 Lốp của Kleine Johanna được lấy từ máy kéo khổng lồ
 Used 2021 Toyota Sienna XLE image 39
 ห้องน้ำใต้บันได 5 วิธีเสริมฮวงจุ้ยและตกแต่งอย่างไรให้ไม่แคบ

++++++

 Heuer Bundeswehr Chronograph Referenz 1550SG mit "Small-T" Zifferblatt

++++++

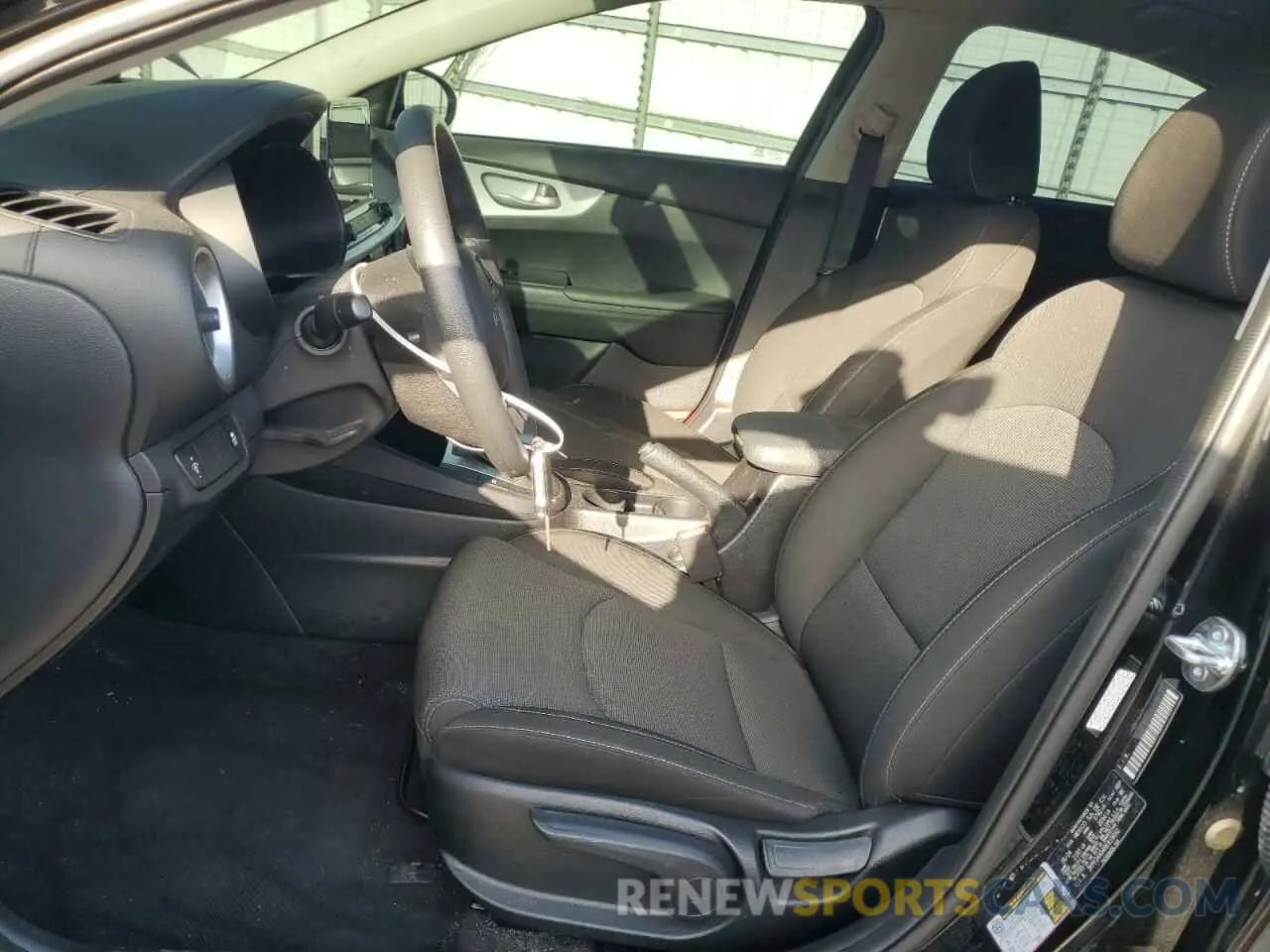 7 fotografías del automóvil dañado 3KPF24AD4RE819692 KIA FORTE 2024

++++++

* PROBLEM STATEMENT: When you reach the line holding "Lốp của Kleine" in the records above, begin reproducing exactly, stop after the line holding "ห้องน้ำใต้บันได 5 วิธีเสริมฮวงจุ้ยและตกแต่งอย่างไรให้ไม่แคบ", and output nothing else.

* OUTPUT OF THE EXERCISE:
 Lốp của Kleine Johanna được lấy từ máy kéo khổng lồ
 Used 2021 Toyota Sienna XLE image 39
 ห้องน้ำใต้บันได 5 วิธีเสริมฮวงจุ้ยและตกแต่งอย่างไรให้ไม่แคบ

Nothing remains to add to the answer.